Nous, on n’était pas loin. J’étais vraiment choquée, on s’est arrêté, on a essayé de les aider et du coup, ce sont d’autres Bassidjis qui ont commencé à nous insulter, à nous ordonner de partir. Et moi, ce qui m’a en fait beaucoup marqué, c’est qu’un des garçons qui a été battu nous regardait dans les yeux. Il m’a regardé fixement, et j’ai vu son regard, mais je ne pouvais rien faire. Je peux vous dire qu’en fait,  les gens qui ne protestent pas aujourd’hui et qui peut-être ont soutenu Ahmadinejad ou Khameneï, ce sont des gens qui, soit sont  tentés par l’argent, soit sont  vraiment très naïfs,  parce qu’il suffit d’un peu de liberté d’esprit pour connaitre la vérité sur l’Iran.

La police anti-émeute prête à entrer en action, le 22 juin à Téhéran.(Photo : AFP)

La police anti-émeute prête à entrer en action, le 22 juin à Téhéran.
(Photo : AFP)

Sepideh Farkhondeh : Dans les quartiers de Téhéran, les gens ont donc été témoins des violences infligées aux manifestants. On sait aussi par Twitter et YouTube que les gens continuent ces jours-ci de scander le soir sur les toits : « A bas le dictateur » (le dictateur, c’est Ahmadinejad, NDLR), « Dieu est grand ». Avez-vous été personnellement témoin de cela et qu’est-ce que cela signifie ?

Mariam : Aujourd’hui quand les gens crient « Allah Akbar » sur les toits de leurs maisons, en fait c’est une manière de défier le régime. C’est risqué, parce que si on vous trouve en train de crier « Allah Akbar » sur le toit de votre maison, vous êtes coupable. Cet « Allah Akbar », aujourd’hui, ça n’a pas la même signification qu’avant. Il y a certains quartiers où il y a « Allah Akbar » tous les soirs, tous les soirs, à partir de 22h00 jusqu’à 22h30. Les cris sont plus forts dans les quartiers qui ont largement voté pour Moussavi.  Là, les gens ont moins peur.

Il faut aussi dire que les gens qui disent « Allah Akbar » sur leurs toits, ce ne sont pas les riches. Ils n’appartiennent pas aux classes aisées de la société. Moi-même, je ne viens pas d’une famille riche, donc ce n’est pas une question de richesse, ce n’est pas une question de croyance, c’est juste une question de respect des droits de l’homme.
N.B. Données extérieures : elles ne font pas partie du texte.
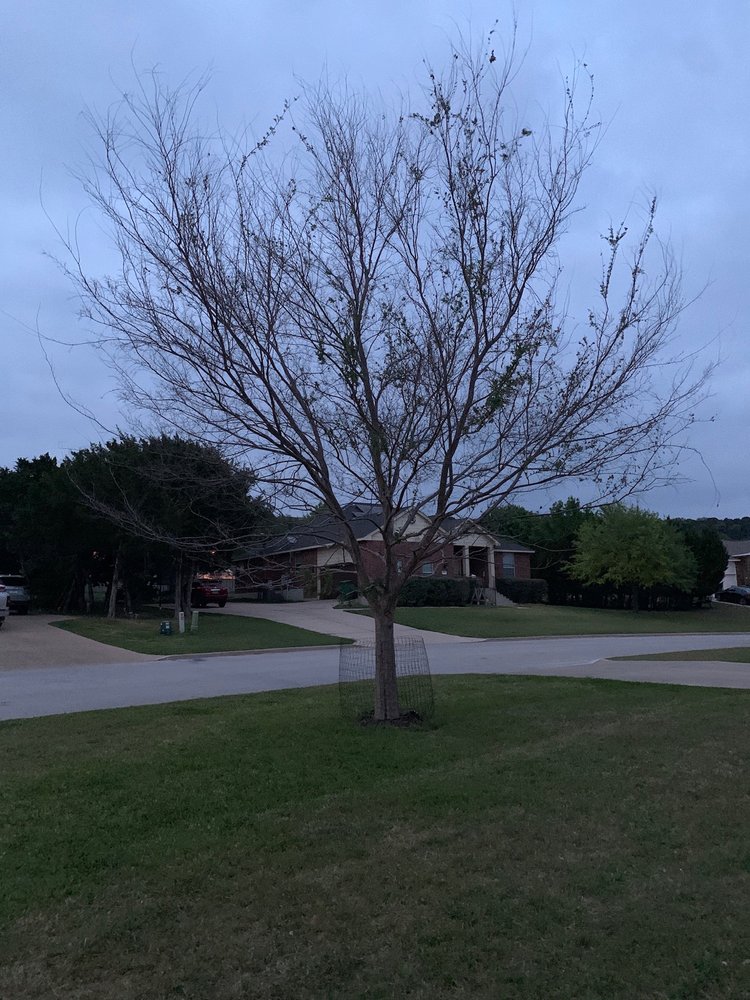 Duncan Brooks Arborist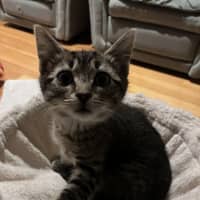 Photo of Lynx 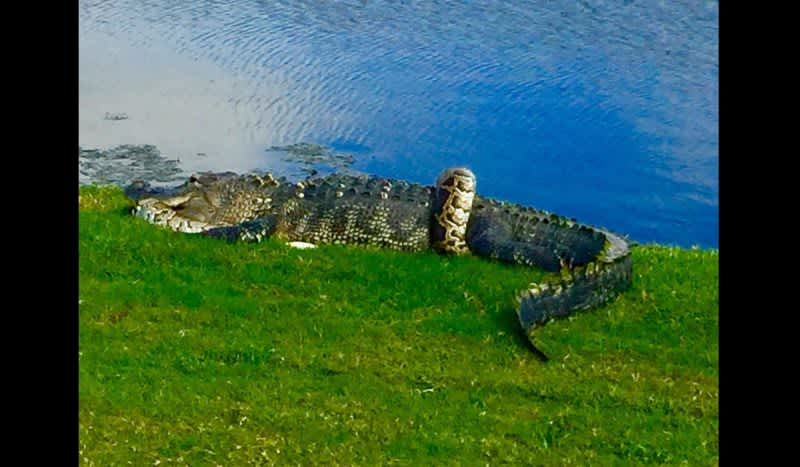 Florida Golfers Find Python Entwined with Alligator and Half Swallowed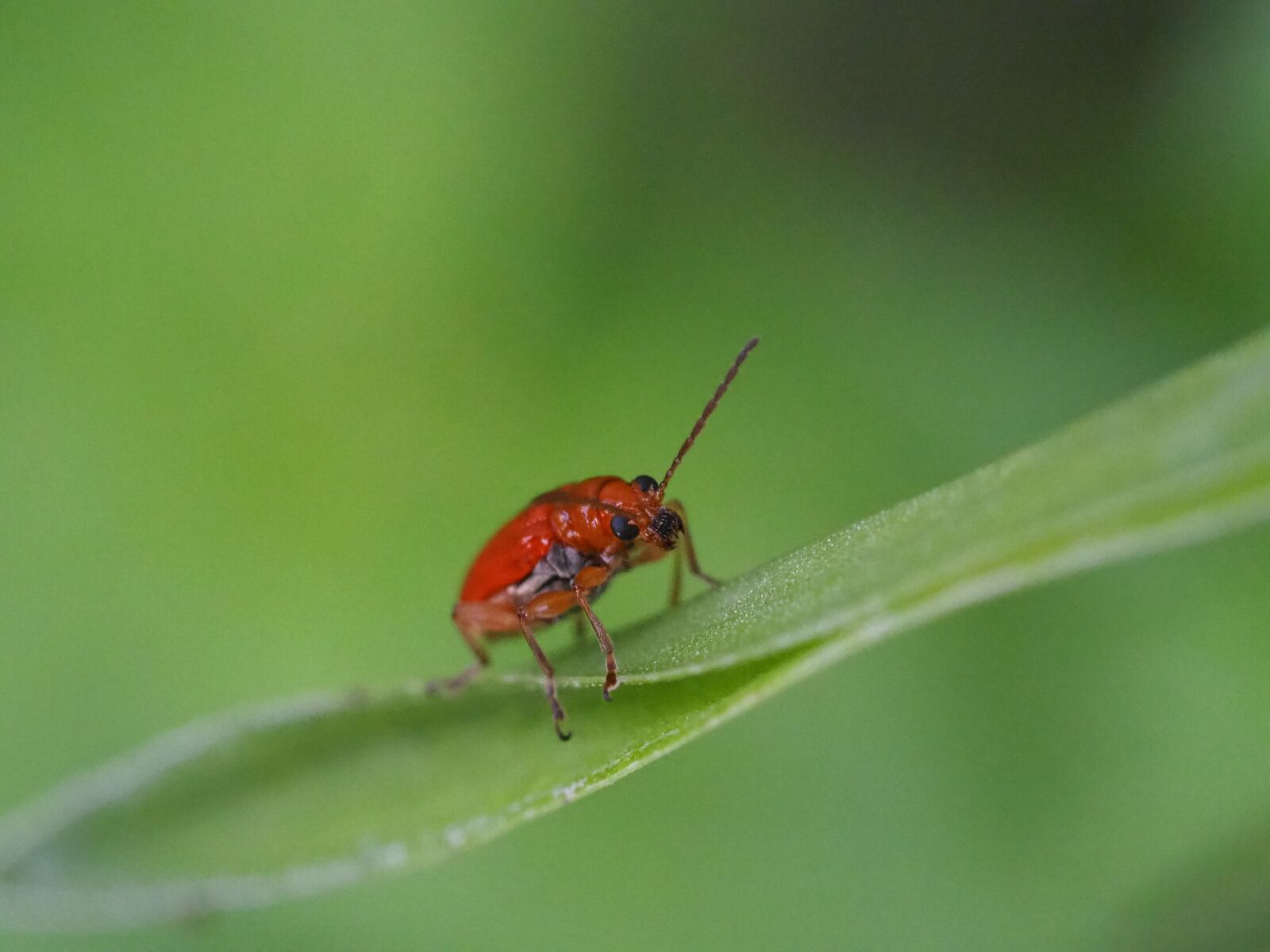 Olympus OM-D E-M10 III sample photo. Insect, bug, beetle photography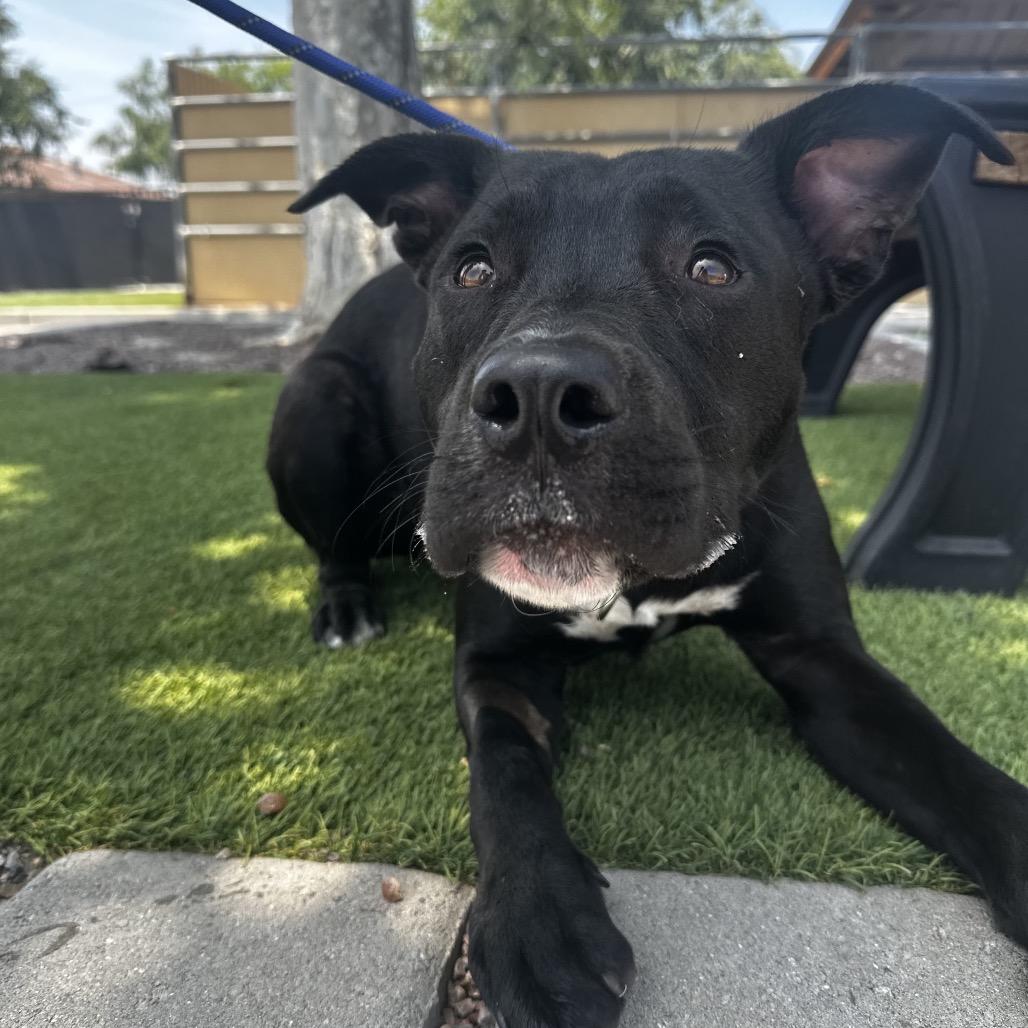 Enlarge Opie A2193183, a Adoptable mixed breed in Mission Hills, CA image 4/6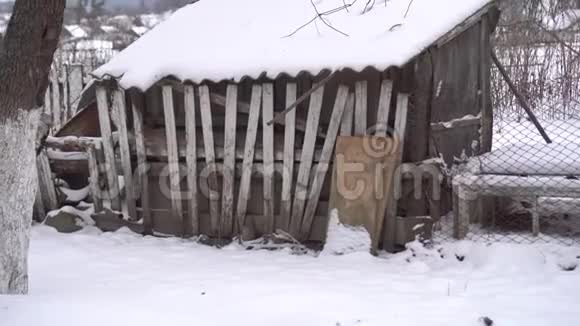 一间被遗弃在雪地里的旧木屋视频的预览图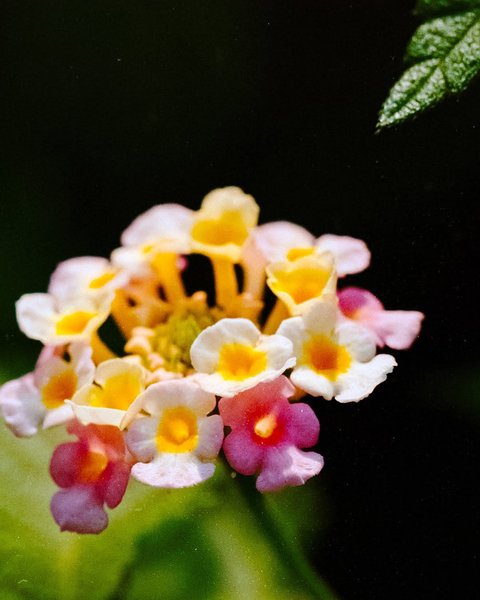 Thumbnail of instagram-1e487a8f981b4fba 0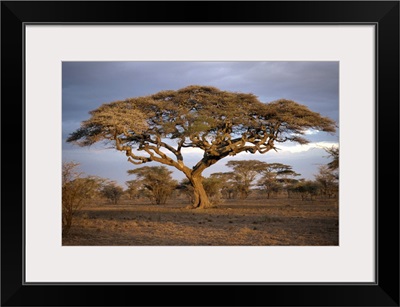 Acacia tree (Acacia Tortilis), Serengeti, Tanzania, East Africa, Africa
Donc, oui, vous entendez les gens sur les toits. Il y a en fait certains quartiers où les gens sont plus sûrs de leur sécurité, donc, ils disent « Allah Akbar » tous les soirs. Et il y a quartiers plus risqués, où vivent beaucoup de Bassidjis, donc là les gens font plus attention. Mais, le jour de la manifestation, vous entendiez dans tous les quartiers de Téhéran des gens qui disaient « Allah Akbar » sur leurs toits la nuit, même dans les quartiers pauvres.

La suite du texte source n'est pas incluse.